Le paon et la résurrection
Sylvain Campeau | 29 avril 2019
On évoque souvent le paon pour parler d’orgueil ou de vanité. Mais cette association n’existait pas dans l’esprit des premiers chrétiens qui y voyaient plutôt un symbole de la résurrection du Christ.
Un symbole solaire
Dans le monde gréco-romain, le paon est un symbole solaire sans doute inspiré par le déploiement de sa queue en forme de roue. Dans la mythologie, l’oiseau est associé à la déesse Héra (Junon chez les Romains), l’épouse de Zeus (Jupiter). Qu’un symbole solaire païen ait été adopté pour évoquer la résurrection n’a rien d’étonnant. La lumière est un élément important de la liturgie pascale mais d’autres caractéristiques de l’animal ont contribué à l’élaboration du symbole dans les premiers siècles de l’Église.

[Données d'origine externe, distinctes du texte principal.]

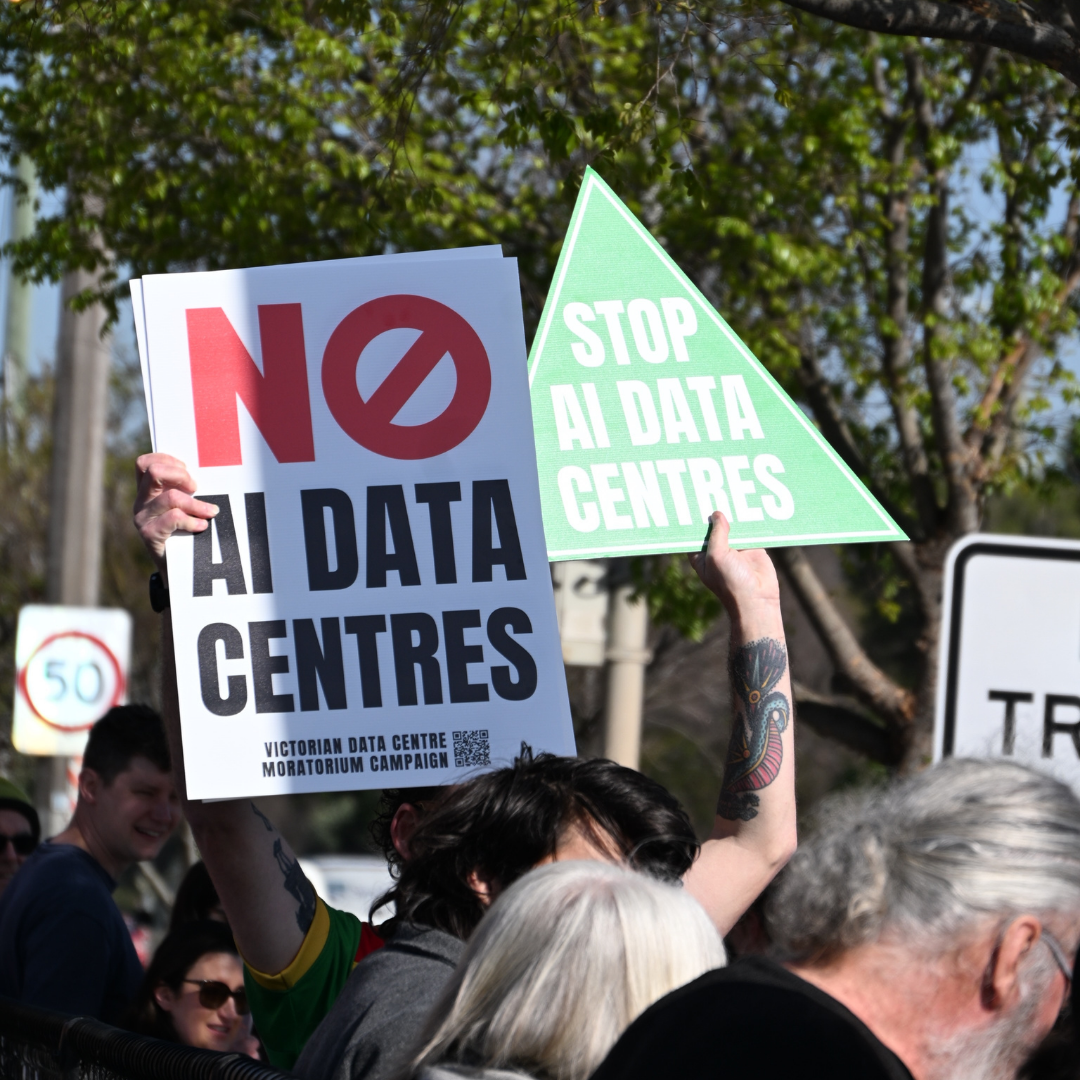 Signs from AI data centre protests in Melbourne. Greens triangle reads Stop AI Data Centres, White sign reads No AI Data Centres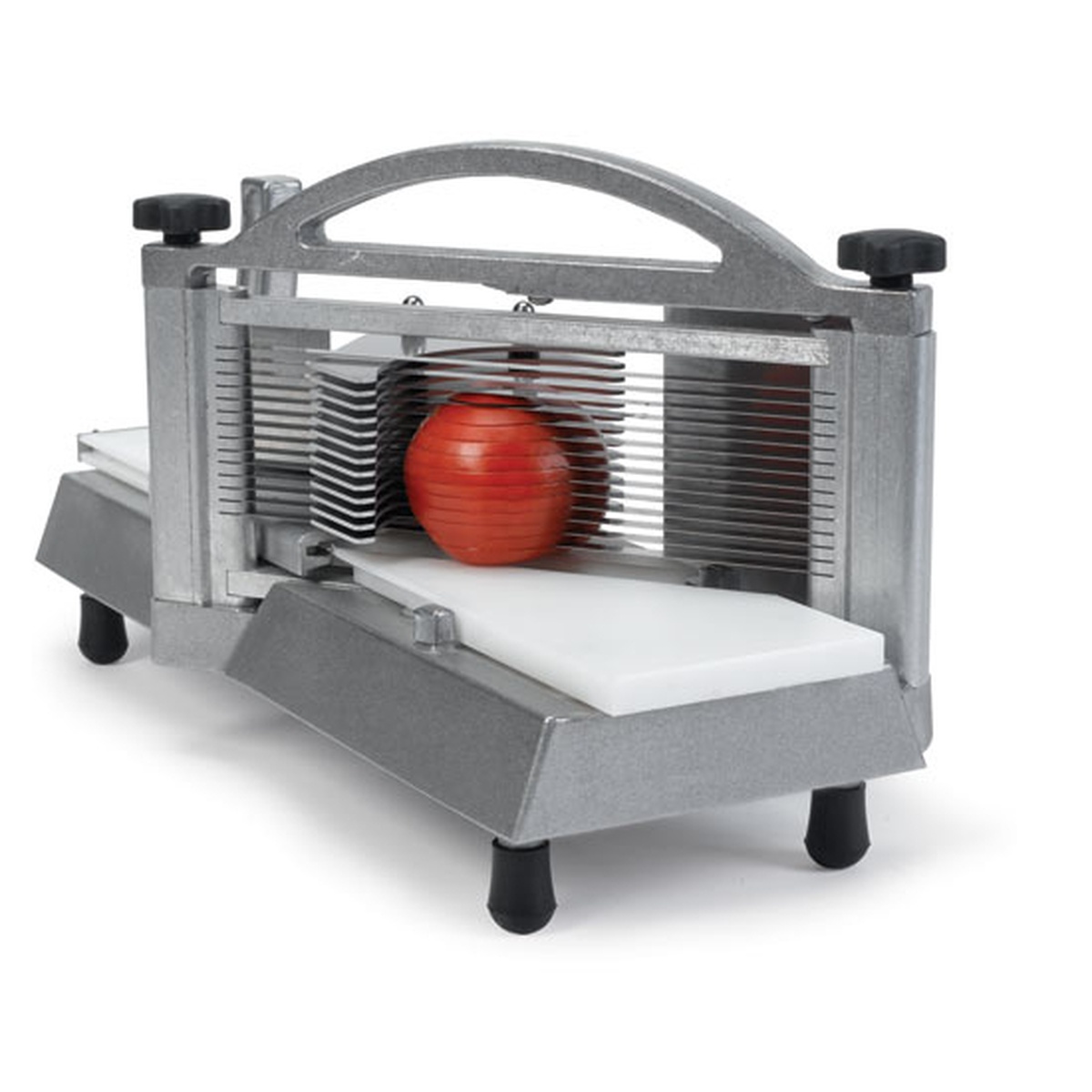 Nemco Easy Tomato Slicer 2 with tomato positioned in razor-sharp blades, showing 3/8 inch slicing mechanism and polyethylene slide board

Renaissance et immortalité
Pline l’Ancien est l’un des premiers écrivains antiques à noter que l’oiseau perd sa magnifique parure pendant l’hiver et la retrouve renouvelée au printemps suivant. Le phénomène de la mue annuelle était connu pour plusieurs espèces animales mais, pour la majorité d’entre elles, il n’attirait pas l’attention. La mue du paon, par contre, et surtout le magnifique plumage qu’il retrouvait au printemps, a été perçu comme un symbole de renaissance par les Anciens et comme celui de la résurrection par les premiers chrétiens. Cette idée est exprimée dans un sermon de saint Antoine de Padoue : « À la résurrection générale, où tous les arbres, c’est-à-dire tous les saints, commencent à reverdir, ce paon (qui n’est autre que notre corps), qui a rejeté les plumes de la mortalité, recevra celles de l’immortalité. » [1]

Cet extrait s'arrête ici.